A team from Davis University, California, has designed a processor with 1000* cores, boasting a throughput rate of 1.78 trillion instructions per second and containing 621 million transistors.

As opposed to a number of other attempts, some reaching 300 or so processors, the KiloCore chip has been fabricated and run; it was built by IBM (who else) using its 32-nm PD-SOI CMOS technology (what else).

The basic architecture used is MIMD (multiple instruction/multiple data) and each of the seven-stage-pipelined cores has a 72-instruction set, single instruction/cycle.
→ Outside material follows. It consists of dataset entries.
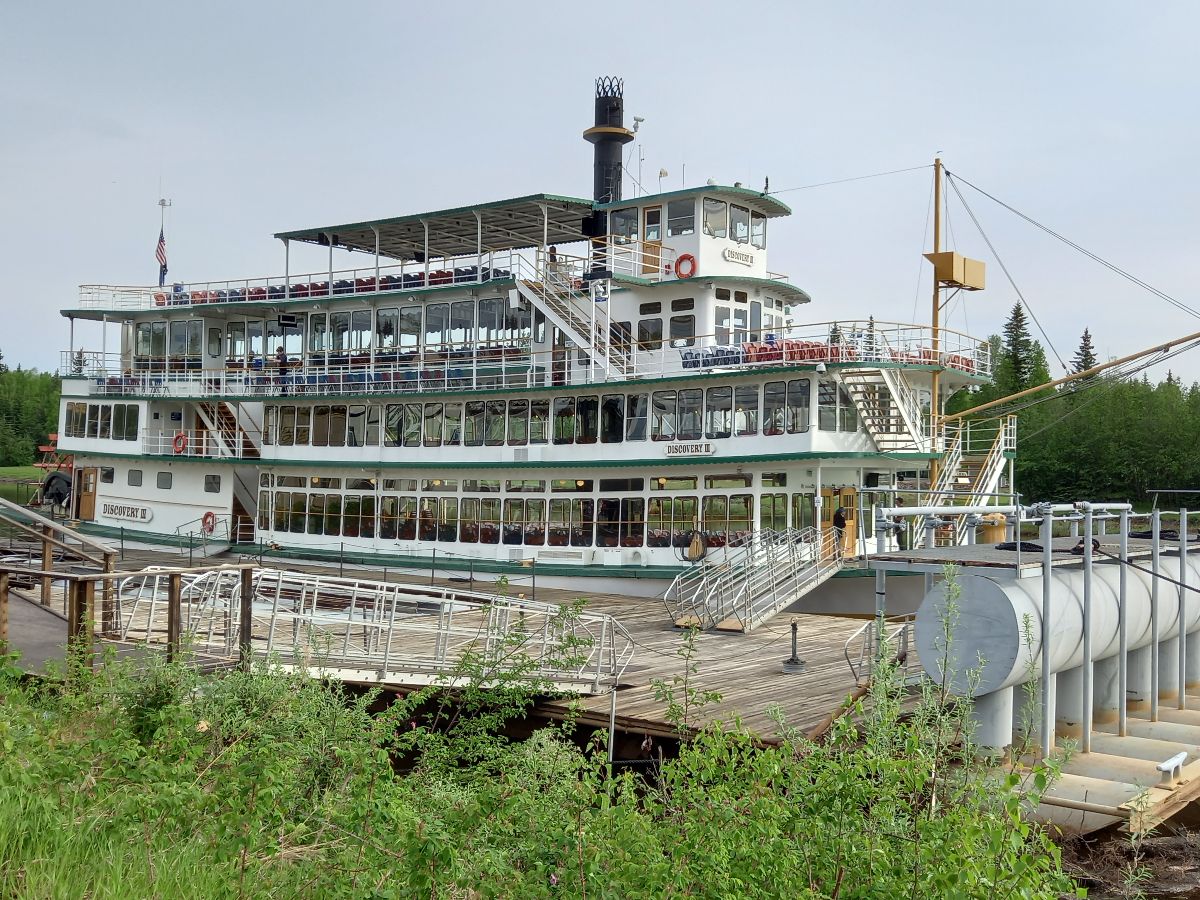 A cruise aboard a stern wheeler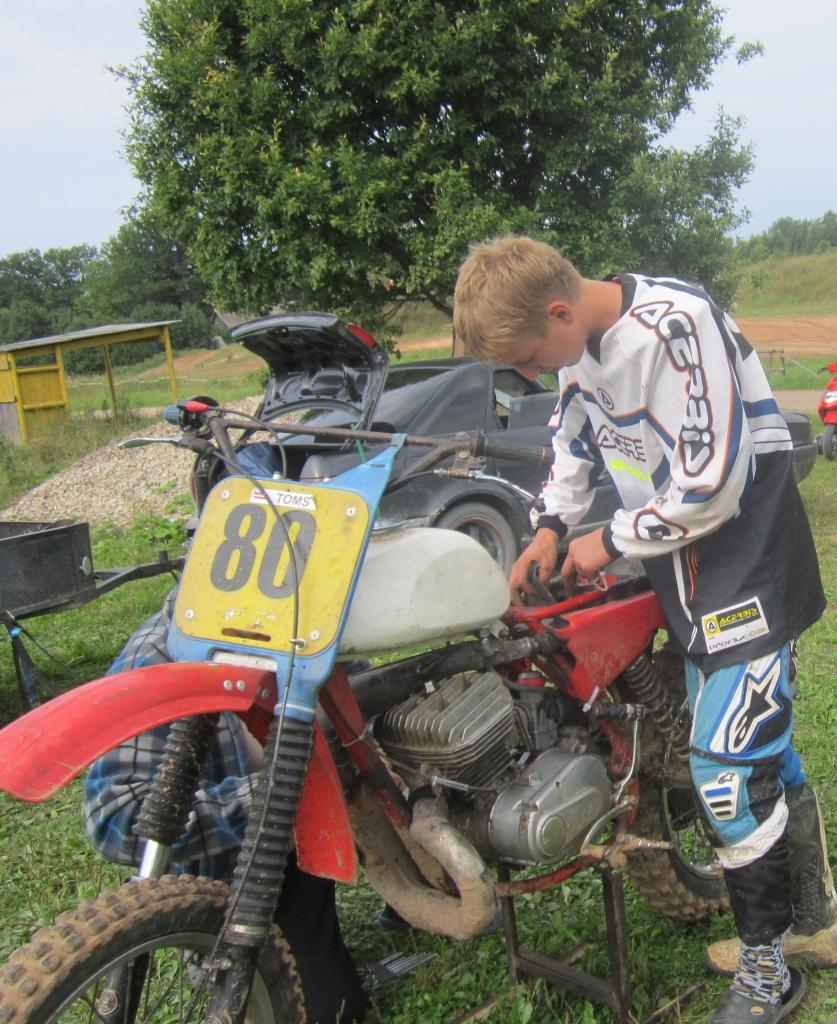 Beļavietis sešpadsmit gadus vecais Toms Priedītis retro motokrosam sācis pievērsties tikai šogad un jau paspējis gūt labus rezultātus. 
Autors: no personiskā arhīva   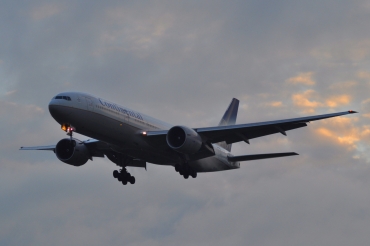 N74007 · Boeing 777-224/ER · (LHR / EGLL)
None of the instructions is ‘algorithm-specific’ – setting the KiloCore apart from GPU-class devices. The terrific throughput is achieved at a clock speed of a mere 1.78 GHz, at 1.1 V. Running at 0.84 V and 1 GHz the beast consumes 13.1 W, while peak power efficiency of 5.8 pJ/Op is quoted at 0.56 V and 115 MHz.

Each core is independently powered and can shut down to leakage-only power if it has no task to perform. Rather than a cache architecture, every processor can store instructions and data in a hierarchy of locations; local memory, one or more nearby processors, on-chip independent memory modules, or off-chip memory.

The ‘wormhole’ routing employed implies, among others, that messages from an adjacent or nearby core will be routed via the ‘circuit’ network; those from further away in the processor matrix will travel via the packet network. If that’s a veritable can of worms to programmers remains to be seen. Each core has north-south-east-west comms buffers plus a fifth channel for host-processor traffic; maximum throughput is 45.5 Gbps per router and 9.1 Gbps per port at 1.1 V.

* as a niggling detail, K in my computerized editor's dictionary is for kilo = 1024. Sure, k is also for kilo, but meaning 1000 in old money, like in kHz.